Part II introduces the three grounds for third-party liability: contributory liability, vicarious liability, and inducement. 
Part III briefly reviews the war on P2P. It discusses the inadequate protection afforded by the Digital Millennium Copyright Act (“DMCA”) and copyright owners’ private attempts to thwart P2P infringement, such as massive lawsuits, DRM, and the graduated response system. It analyzes the drawbacks of the notice-and-takedown procedure and proposes modifications to § 512 of the DMCA. This Part also proposes the “filter-counter notification-notice with a bond” procedure to mitigate the misuse of a § 512 notice. Lawmakers should probably substitute the John Doe litigation for the subpoena power and the policy of terminating repeat infringers.

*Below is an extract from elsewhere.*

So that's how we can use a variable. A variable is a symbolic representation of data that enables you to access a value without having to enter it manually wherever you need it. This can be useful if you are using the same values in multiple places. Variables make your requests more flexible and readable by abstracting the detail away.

If filters are installed, litigation should only be used against intentional and outrageous infringers such as those circumventing filters and uploading copyrighted works. 
Part IV discusses whether failure to filter should be considered as a factor of inducement. It also analyzes the desirability of imposing a duty to filter. 
Part V explores the cheapest cost avoider test and concludes that online copyright infringement is a joint-care, unilateral accident, where copyright owners and ISPs should cooperate to reduce the monitoring cost. This part also analyzes the costs and benefits of encryption in P2P. This Part proposes that ISPs should be allowed to assert an affirmative defense that they have installed filters to prevent copyright infringement. 
Part VI discusses the possible criticism of the cheapest cost avoider test. 
Part VII reviews the history of formalities, critically examines Professor Lawrence Lessig’s proposal of more formalities and proposes a watermarking regime. To reduce the distortionary effects on subscribers, an ISP can design a pay-per-download plan for subscribers who download watermarked works.